We conclude that the goodness-of-fit in the quantile plots seems unconvincing,
even if the other plots appear to be reasonable. This is due to the fact that
the excesses can not be considered as independent: the transformed series
:math:`\tilde{X}_i` has a rich structure of temporal dependence.

.. GENERATED FROM PYTHON SOURCE LINES 138-142

.. code-block:: Python

    validation = otexp.GeneralizedParetoValidation(result_LL, scalTransfDataDJ)
    graph = validation.drawDiagnosticPlot()
    view = otv.View(graph)


.. image-sg:: /auto_data_analysis/distribution_fitting/images/sphx_glr_plot_estimate_gpd_dowjones_004.png
   :alt: , Sample versus model PP-plot, Sample versus model QQ-plot, Return level plot, Density
   :srcset: /auto_data_analysis/distribution_fitting/images/sphx_glr_plot_estimate_gpd_dowjones_004.png
   :class: sphx-glr-single-img


.. GENERATED FROM PYTHON SOURCE LINES 143-161

**Stationary GPD modeling taking into account the dependence in data**

We illustrate the fact that the excesses of the transformed series happen in
groups. Hence we use the declustering method
which filters the dependent observations exceeding a given threshold to obtain a
set of threshold excesses that can be assumed as independent.

Consecutive exceedances of :math:`u` belong to the same cluster. Two distinct
clusters are separated by :math:`r` consecutive observations under the
threshold. Within each cluster, we select the maximum value that will be used to
infer the GPD distribution.

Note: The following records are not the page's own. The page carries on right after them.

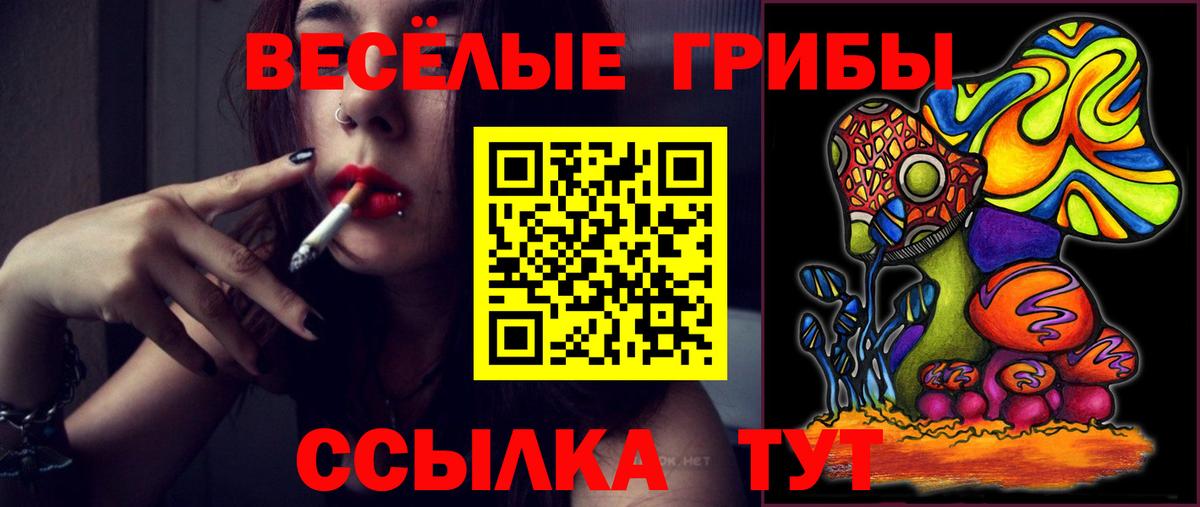 Псилоцибиновые грибы GOLDEN TEACHER Апатиты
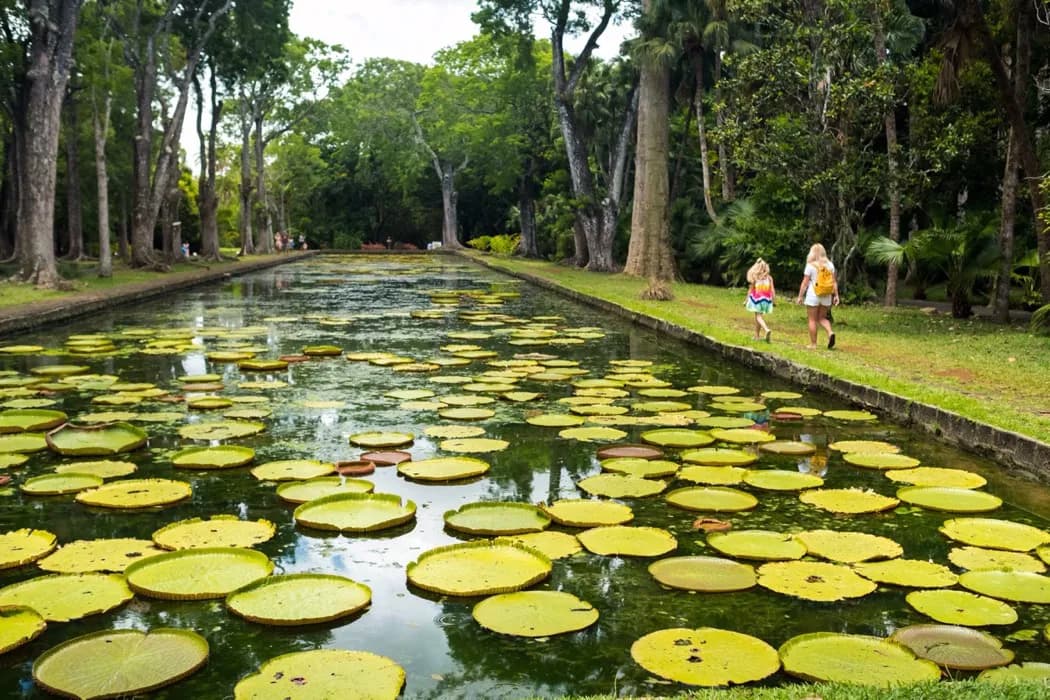 Jardin pamplemousse à l'ile maurice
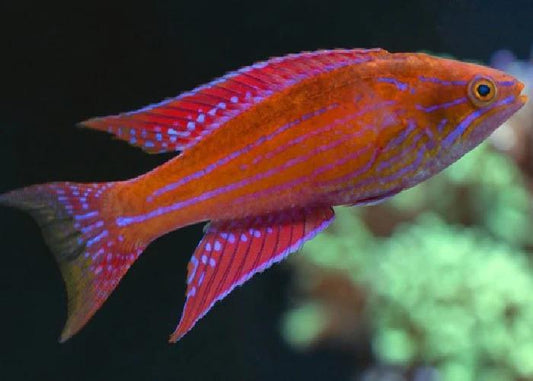 Royal Flasher Wrasse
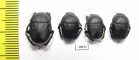 Gymnopleurus mopsus  Russia, Ingushetia reg. - INSECTS-STORE.RU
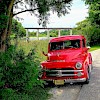 1952 Dodge Pickup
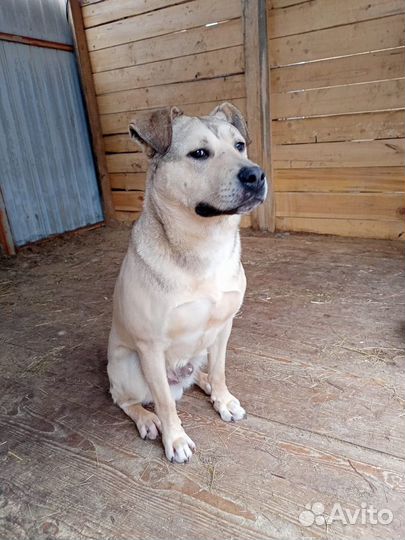 Собака в добрые руки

The cluster maxima are assumed to be independent.

On the graph, we show the clusters over the threshold :math:`u=2`
and all the maxima selected within each cluster.
It is possible to extract the data belonging to the same cluster and the
cluster maximum series.
We denote by :math:`n_c` the number of clusters and
by :math:`n_u` the number of exceedances above :math:`u`.

.. GENERATED FROM PYTHON SOURCE LINES 161-173

.. code-block:: Python

    part = otexp.SamplePartition(scalTransfDataDJ)
    r = 3
    peaks, clusters = part.getPeakOverThreshold(u, r)
    nc = len(peaks)
    nu = sum([1 if scalTransfDataDJ[i, 0] > u else 0 for i in range(size)])
    print(f"nc={nc} nu={u} theta={nc / nu:.3f}")
    graph = clusters.draw(u)
    graph.setTitle(
        "Threshold exceedances and clusters by transformed Dow Jones Index series"
    )
    view = otv.View(graph)


.. image-sg:: /auto_data_analysis/distribution_fitting/images/sphx_glr_plot_estimate_gpd_dowjones_005.png
   :alt: Threshold exceedances and clusters by transformed Dow Jones Index series
   :srcset: /auto_data_analysis/distribution_fitting/images/sphx_glr_plot_estimate_gpd_dowjones_005.png
   :class: sphx-glr-single-img


.. rst-class:: sphx-glr-script-out

 .. code-block:: none

    nc=32 nu=2.0 theta=0.865


.. GENERATED FROM PYTHON SOURCE LINES 174-176

We estimate a stationary GPD on the clusters maxima which are independent
with the :math:`95\%` confidence interval of each parameter.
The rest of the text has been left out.